Task material.
----------

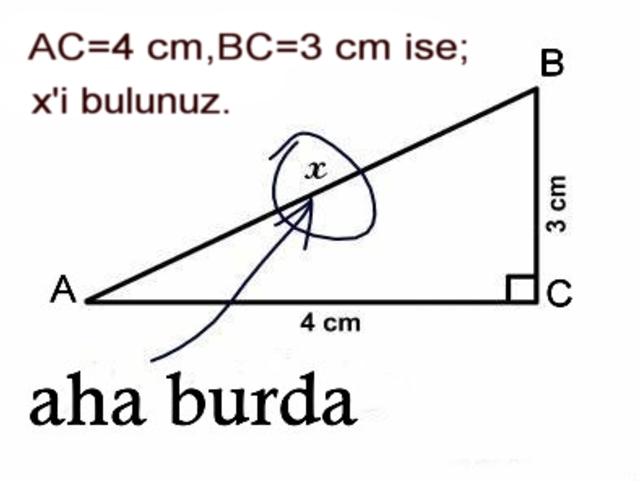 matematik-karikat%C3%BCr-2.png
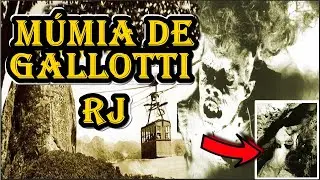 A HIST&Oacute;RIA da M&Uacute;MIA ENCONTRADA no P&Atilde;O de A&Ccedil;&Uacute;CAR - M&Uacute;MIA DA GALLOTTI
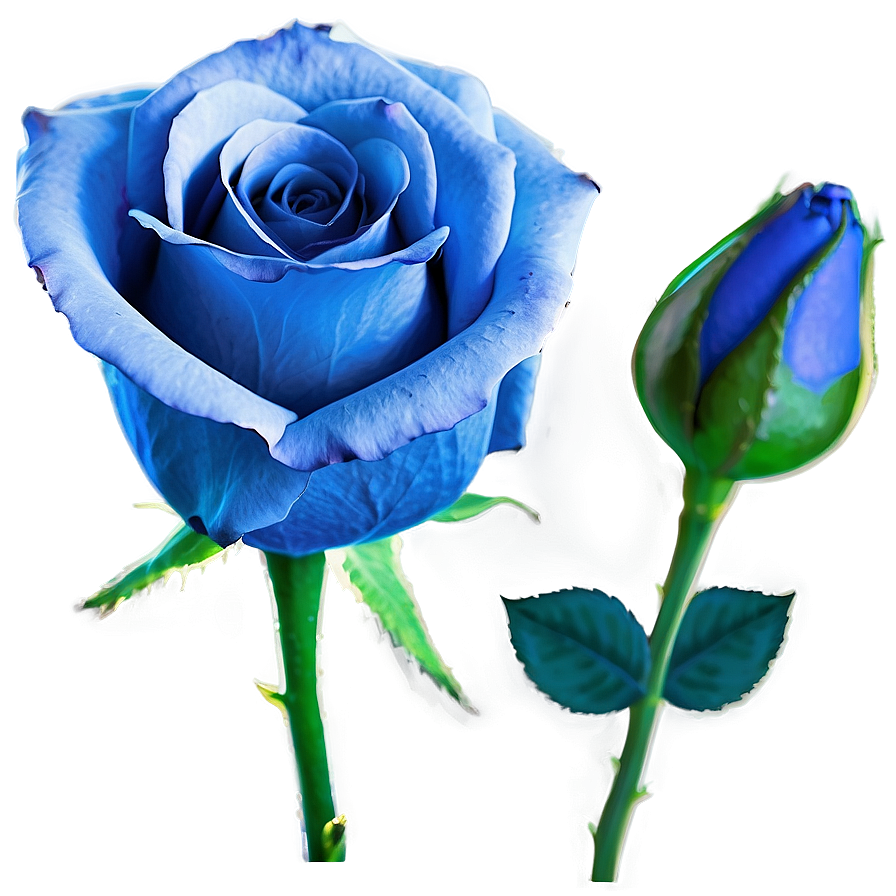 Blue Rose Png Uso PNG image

----------

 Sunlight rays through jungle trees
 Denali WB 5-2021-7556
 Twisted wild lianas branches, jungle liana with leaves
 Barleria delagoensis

----------

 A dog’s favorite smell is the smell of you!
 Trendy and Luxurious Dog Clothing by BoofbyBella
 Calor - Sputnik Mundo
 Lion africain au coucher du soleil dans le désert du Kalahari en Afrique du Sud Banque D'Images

----------

What to work on. Within the data above, how many lines include the word "jungle"? Respond with the number only.

Task solution. 2